Web Search
openclaw-free-web-search
Free, private web search for OpenClaw with self-hosted SearXNG + Scrapling anti-bot + multi-source cross-validation. Zero API keys, zero cost. Tells you how much to trust the answer.
---
name: local-web-search
description: >
Free, private, real-time web search for OpenClaw — zero API keys required.
Powered by self-hosted SearXNG + Scrapling anti-bot engine.
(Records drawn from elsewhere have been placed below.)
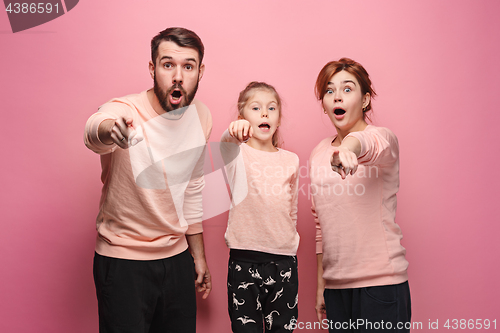 Image of Surprised young family looking at camera on pink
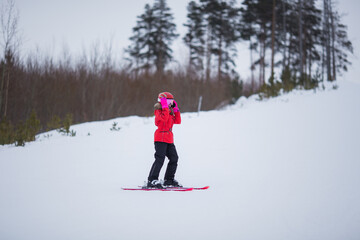 Active adorable preschooler caucasian girl portrait with ski in helmet, goggles and bright suit enjoy winter extreme sport activities. Child skiing in mountains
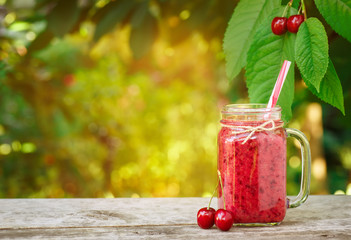 mason jar with cherry smoothie 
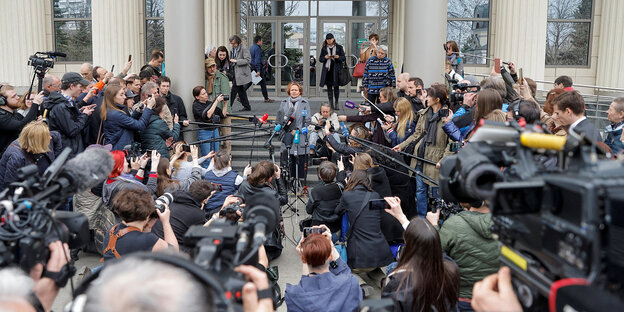 Journalists stand in front of a courthouse in Moscow, a woman speaks into a microphone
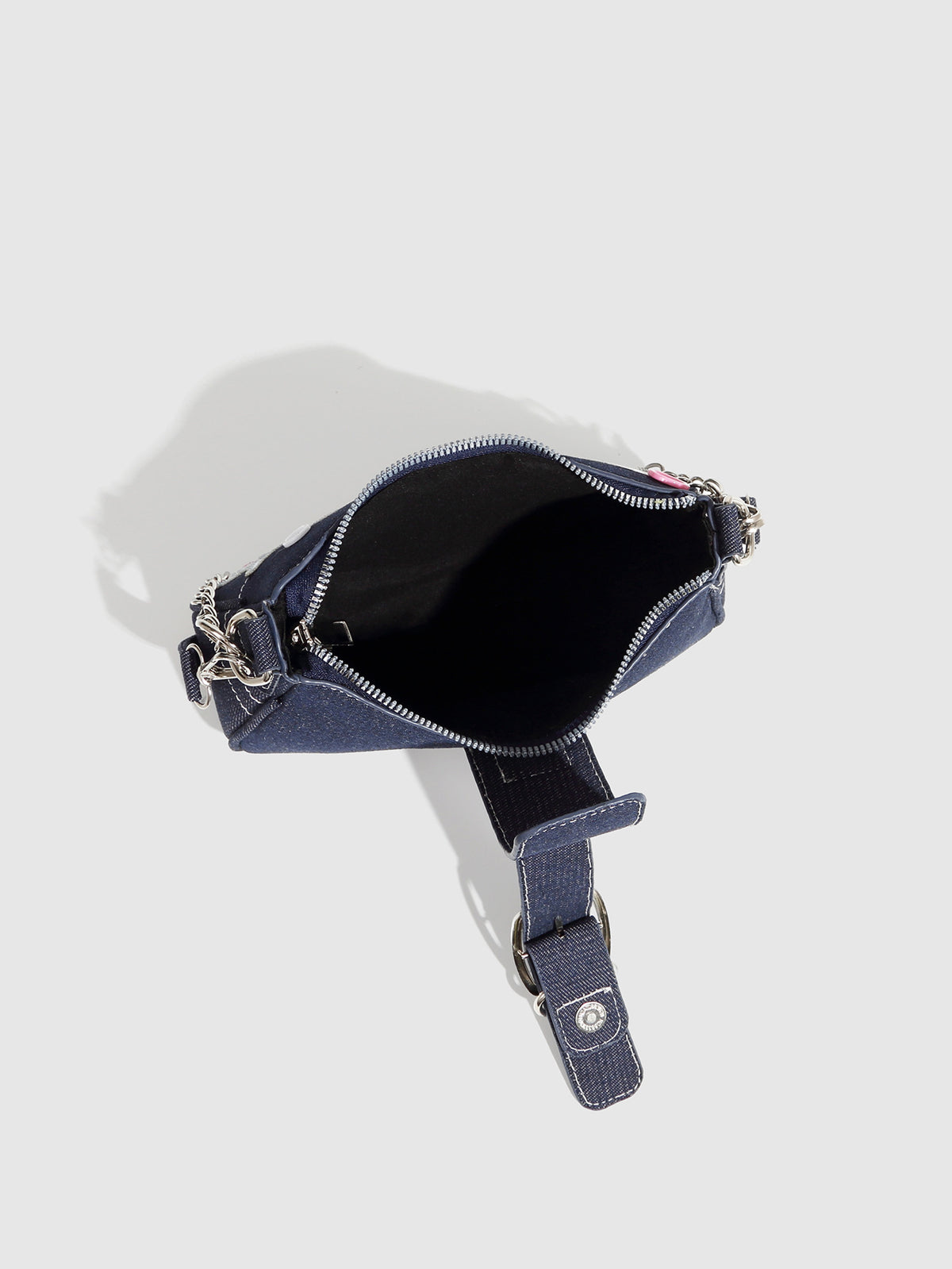 Dark navy denim-look shoulder bag with light blue and pink star appliqués, silver-tone buckle, chain strap, and short top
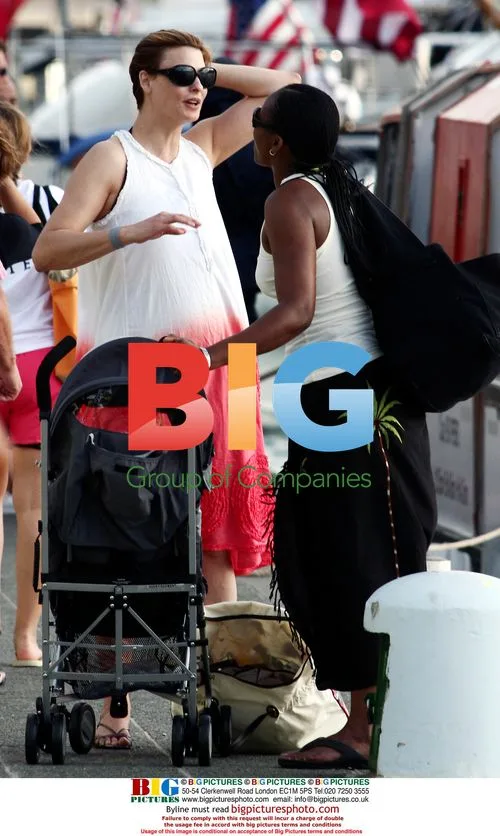 Linda Evangelista with baby on yacht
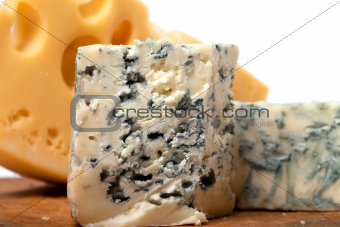 Dorblu and other cheeses on wooden kitchen board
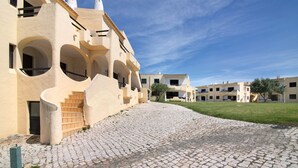 Un patio con suelo de adoquines, edificios con arcos y un cielo despejado.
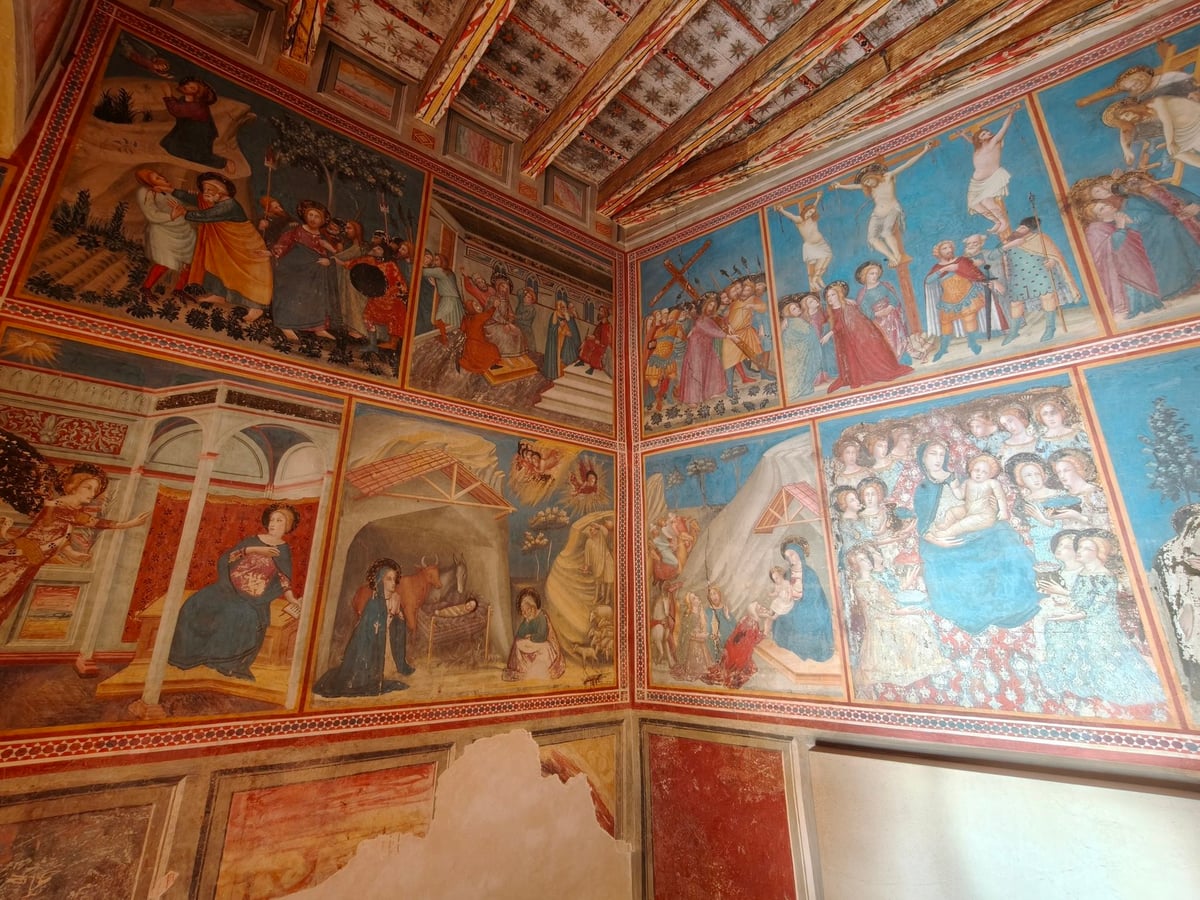 Pinturas murales en rojos y azules con escenas de la vida de Cristo, entre ellas la Natividad y la Crucifixión, en las paredes y el techo de una capilla.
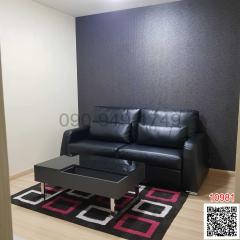 Contemporary living room with a black leather sofa and a modern coffee table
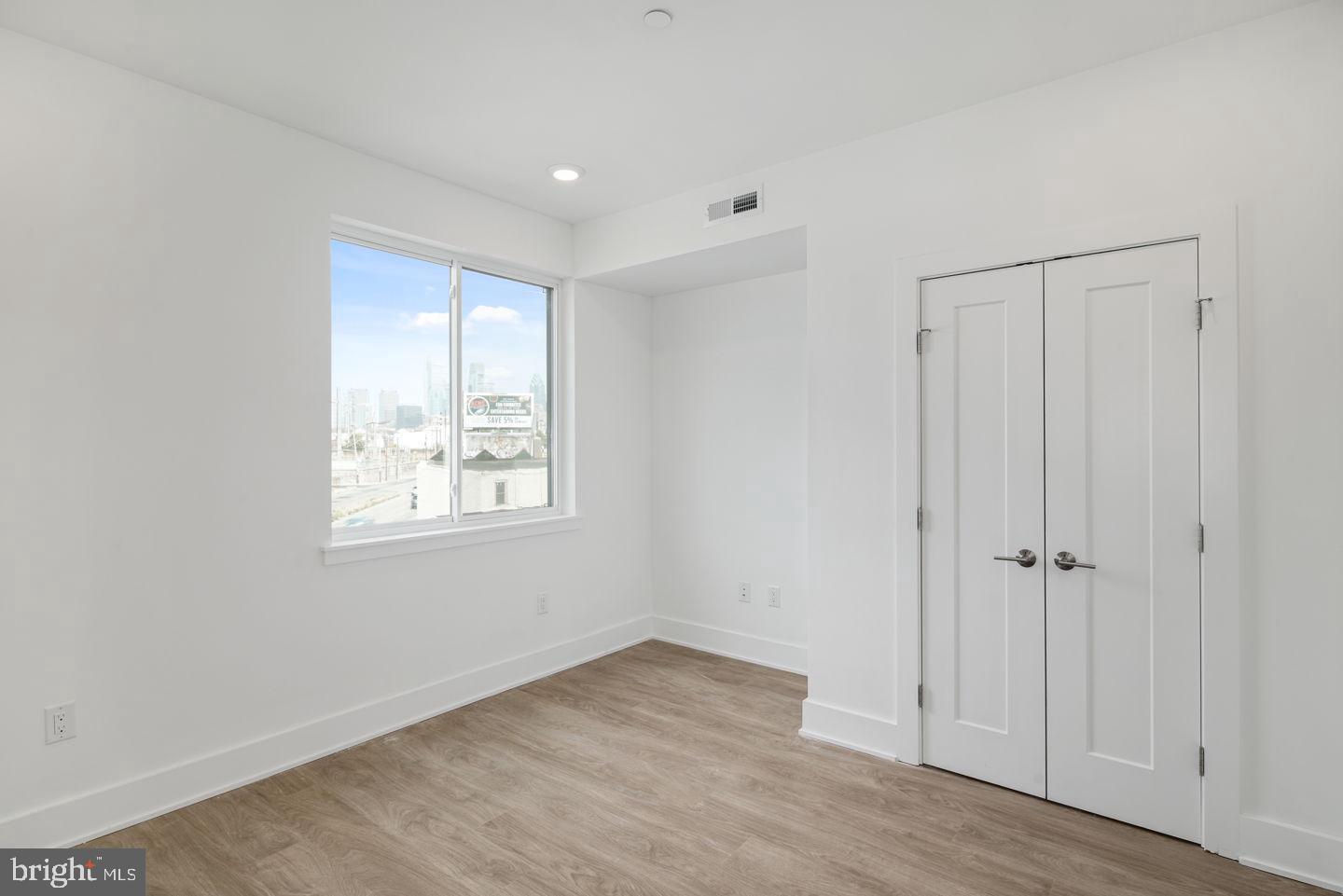 2721 Federal Street, Unit 3 Philadelphia, PA 19146 - Photo 8 of 22 an empty room with wooden floor and a window
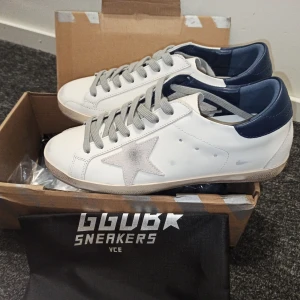 Golden Goose vita sneakers med stjärna - Snygga vita sneakers från Golden Goose med grå mockastjärna på sidan, grå snörning och mörkblå hälkappa. Skorna har platt sula och är tillverkade i skinn med detaljer i mocka. Perfekta för dig som gillar en clean men ändå unik look.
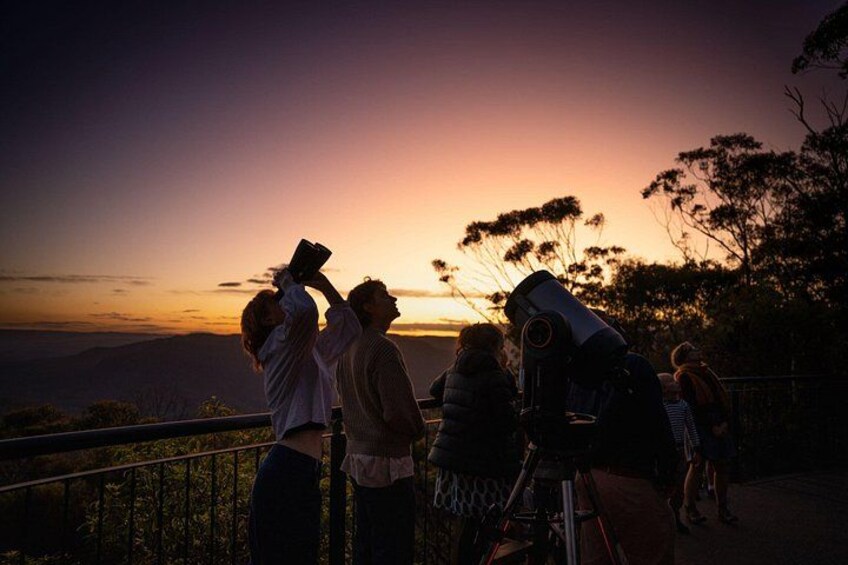 A group of people observing a sunset with a telescope. 4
Multi-engine
parallel search (Bing/DuckDuckGo/Google/Startpage/Qwant), intent-aware
Agent Reach query expansion, three-tier Browse/Viewing (Fetcher →
StealthyFetcher → DynamicFetcher for Cloudflare/JS sites), cross-engine
anti-hallucination validation, and automatic public fallback.
homepage: https://github.com/wd041216-bit/openclaw-free-web-search
metadata:
clawdbot:
emoji: "🔍"
requires:
env: []
files: ["scripts/*"]
---
# Local Free Web Search v3.0
Use this skill when the user needs current or real-time web information.
Powered by **Scrapling** (anti-bot) + **SearXNG** (self-hosted search).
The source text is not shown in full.